Well, you've got to multiply them left to right, right? But you can either do it this way, and then the last one, right? How else could you do it? Good. Good, Michael.
Right? If I put another one in, if I put another array in, there'd be even more ways. Okay?
It turns out that, well... If there are three arrays, it corresponds to the number of ways there are of having two node binary trees. Four arrays, three node binary trees.
Five arrays, four node binary trees. There's a relationship. They're the same. This connection is not obvious at all. You might get some intuition.
Maybe it makes some sense, but it's not obvious. And you're going to see why this is true much later in the course when we talk about combinatorics. But this is an introduction. This is what people who do discrete math care about.
They care about problems like this. They don't care about what's the best way to build a jet fighter airplane so that I minimize the resistance on the air wings. That's a continuous math problem. what's the ratio of height to width of a cylinder that has the most volume. That's a Campbell's soup production problem.
That's a continuous problem. It's not discrete math. Discrete math deals with stuff you can count, things you can get your hands on.

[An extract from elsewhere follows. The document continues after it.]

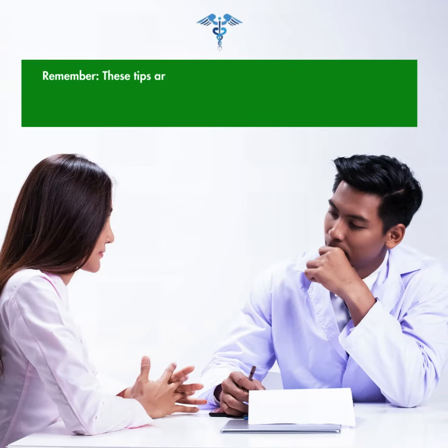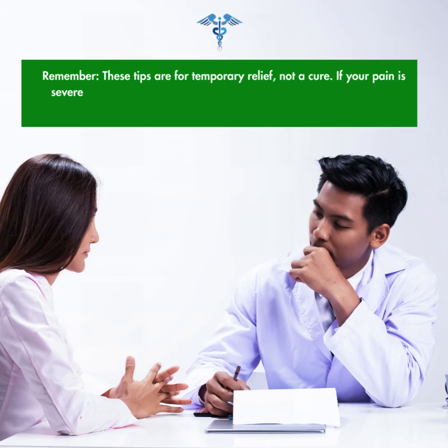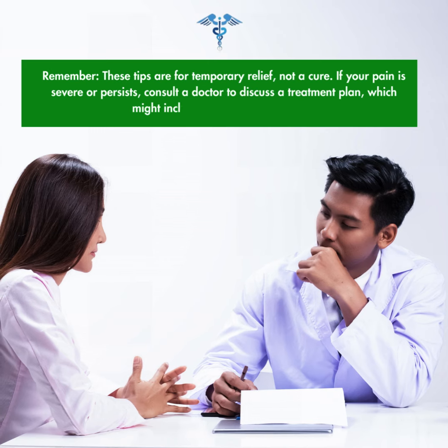Remember, these tips are for temporary relief, not a cure. If your pain is severe or persists, consult a doctor to discuss a treatment plan, which might include surgery in some cases.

And ironically, sometimes getting your hands on something makes it actually even a little more difficult. Things you can count sometimes are really, really deep and tricky. Okay, questions about all this stuff? In doing discrete math, you're going to be doing proofs. Some of you have never done proofs before.
Some of you have. So we need to talk about what a proof is. It's a little tricky.
In reality, a proof is no more than just convincing somebody else that something's true. But mathematically, you'd like to be able to be a little more rigorous than that. I am not going to teach you this month how to be mathematicians.
I'm going to teach you about discrete math. So when I ask you to prove something, the definition that I want to use for a proof is you have convinced me or the TA or one of your colleagues, according to the standards of our class, that we believe that what you just said is true. It's a very vague definition, but we're not going to have you write formal, formal, formal proofs. It'll come close, but ask yourself whether you've been convincing.
Real proofs can be done at the bottom level, turning everything into logic, which we'll talk about later today. And nobody ever writes a proof like that because it's incomprehensible. The way you really explain a proof is you do interactively.
I give you some intuition. I do examples. Now then, if you want to... to write the proof up, what would you do? You would cover up all your tracks of how you discovered the theorem because there'd be all these dead ends.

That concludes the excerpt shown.